_Work to be completed_:
In duplicating the lines below, keep every word unchanged and drop the pictures.

_Recorded information_:
=== Section Start ===

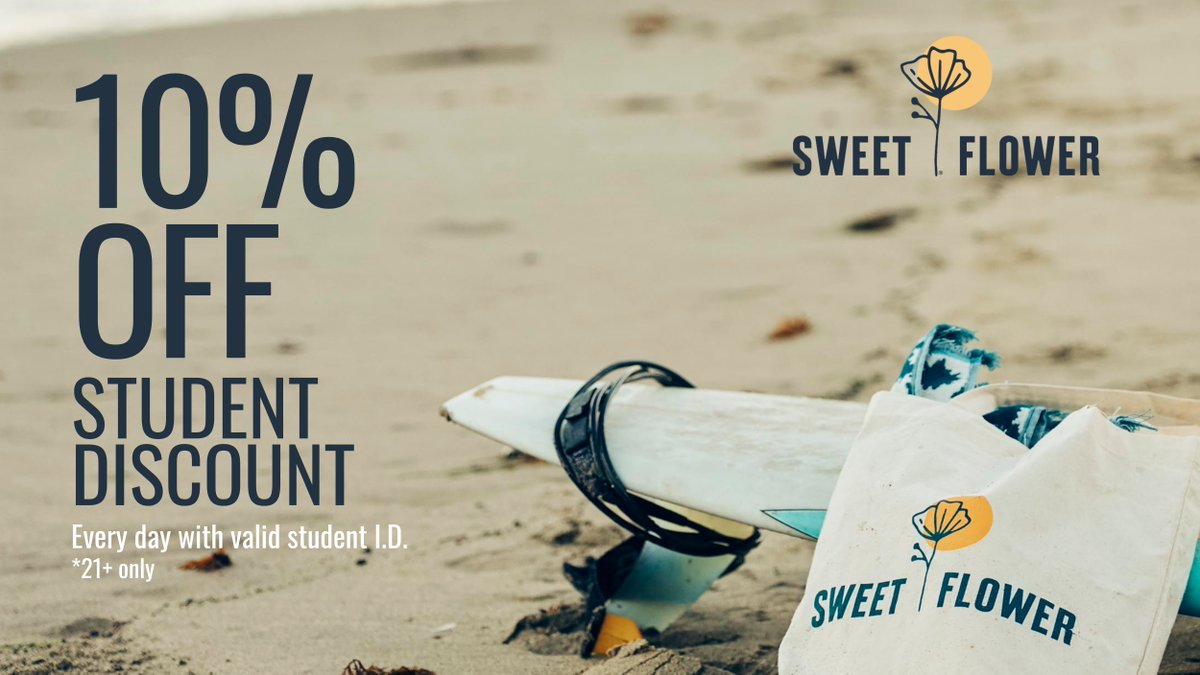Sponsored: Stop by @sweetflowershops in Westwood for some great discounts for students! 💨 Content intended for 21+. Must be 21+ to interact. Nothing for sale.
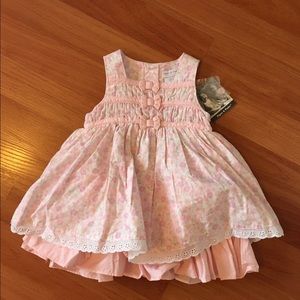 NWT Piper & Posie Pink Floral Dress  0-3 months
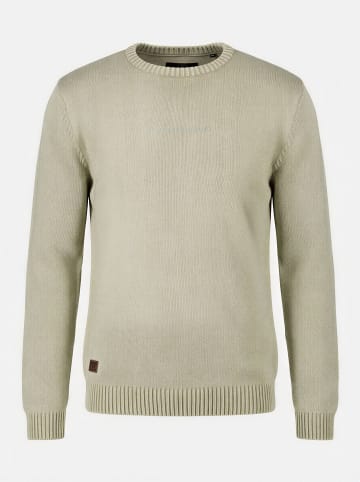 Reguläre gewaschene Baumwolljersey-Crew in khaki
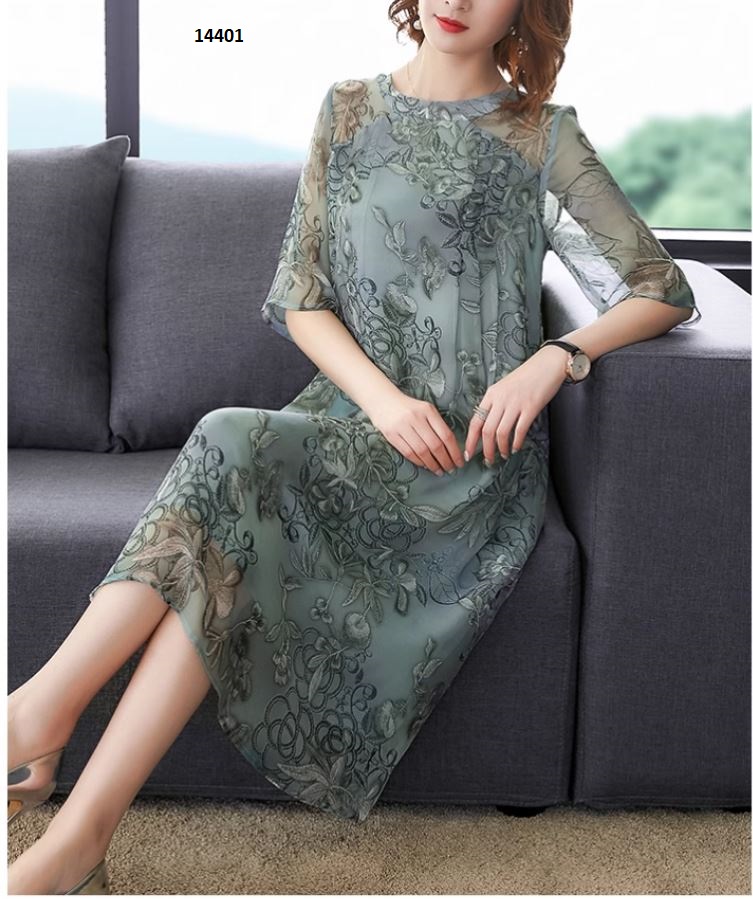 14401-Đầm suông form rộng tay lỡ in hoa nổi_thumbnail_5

=== Section End ===

_Output of the exercise_:
Sponsored: Stop by @sweetflowershops in Westwood for some great discounts for students! 💨 Content intended for 21+. Must be 21+ to interact. Nothing for sale.
 NWT Piper & Posie Pink Floral Dress  0-3 months
 Reguläre gewaschene Baumwolljersey-Crew in khaki
 14401-Đầm suông form rộng tay lỡ in hoa nổi_thumbnail_5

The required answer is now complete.